The error message indicates that the broadcast variable is not loaded. You can try increasing the timeout for the broadcast variable by setting the spark.databricks.broadcastTimeout configuration to a higher value using the SparkSession object.
from pyspark.sql.functions import udf, col
data = [("Ankit", "IN"),("Sagar", "USA")]
schema = "Name String, Country String"
df = spark.createDataFrame(data, schema)
dic = {"IN" : "India", "USA" : "United States of America"}
bc_dic = spark.sparkContext.broadcast(dic)

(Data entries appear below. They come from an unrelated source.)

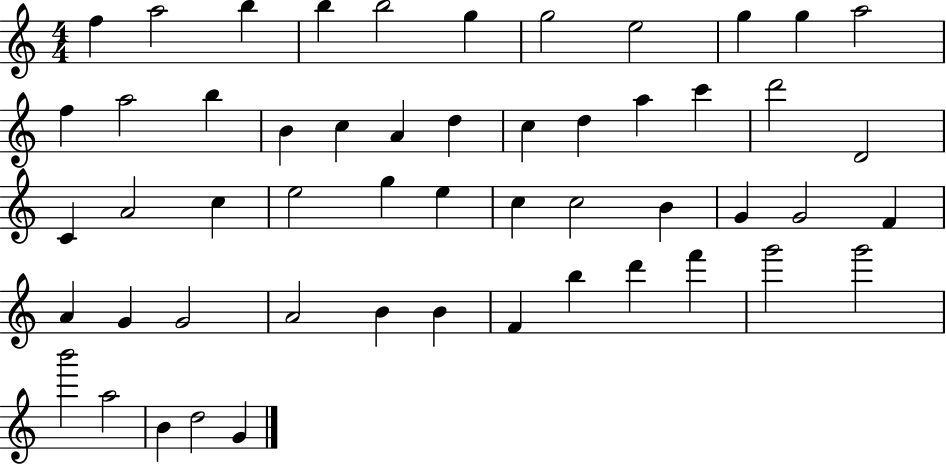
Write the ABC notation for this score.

X:1
T:Untitled
M:4/4
L:1/4
K:C
f a2 b b b2 g g2 e2 g g a2 f a2 b B c A d c d a c' d'2 D2 C A2 c e2 g e c c2 B G G2 F A G G2 A2 B B F b d' f' g'2 g'2 b'2 a2 B d2 G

spark.conf.set("spark.databricks.broadcastTimeout", "600s")
def lookup(code):
return bc_dic.value[code]
u_lookup = udf(lookup)
df_final = df.withColumn("Country Name", u_lookup(col("Country")))
df_final.show()
"""
+-----+-------+--------------------+
| Name|Country| Country Name|
+-----+-------+--------------------+
|Ankit| IN| India|
|Sagar| USA|United States of ...|
+-----+-------+--------------------+
"""
In the above code, I am setting the broadcast timeout to 600s (10min).
Also, I have tried:
- I am defining a function named lookup that takes a row as an argument. The first element is accessed using **row[0]** and the second element is accessed using **row[1]**.
- Inside the function, it uses a dictionary called bc_dic to look up the value associated with the second element of the row **(row[1])**.

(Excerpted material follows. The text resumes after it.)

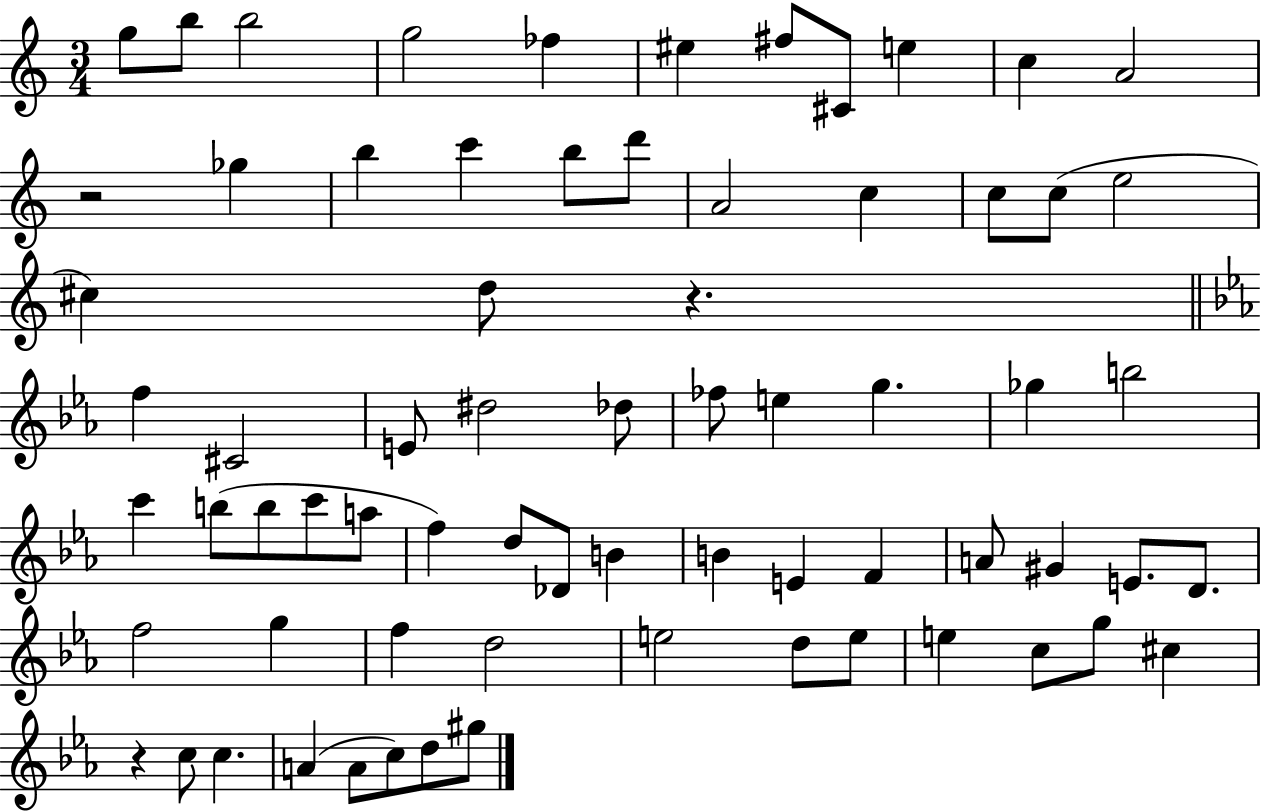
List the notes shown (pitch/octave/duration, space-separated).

- Using `df.rdd`, and then applies the map transformation using the lookup function. The map operation transforms each row of the RDD by applying the lookup function to it.
Below is the code:
def lookup(row):
return (row[0], bc_dic.value[row[1]])
df_final = df.rdd.map(lookup).toDF(["Name", "Country Name"])
df_final.show()
"""
+-----+--------------------+
| Name| Country Name|
+-----+--------------------+
|Ankit| India|
|Sagar|United States of ...|
+-----+--------------------+
"""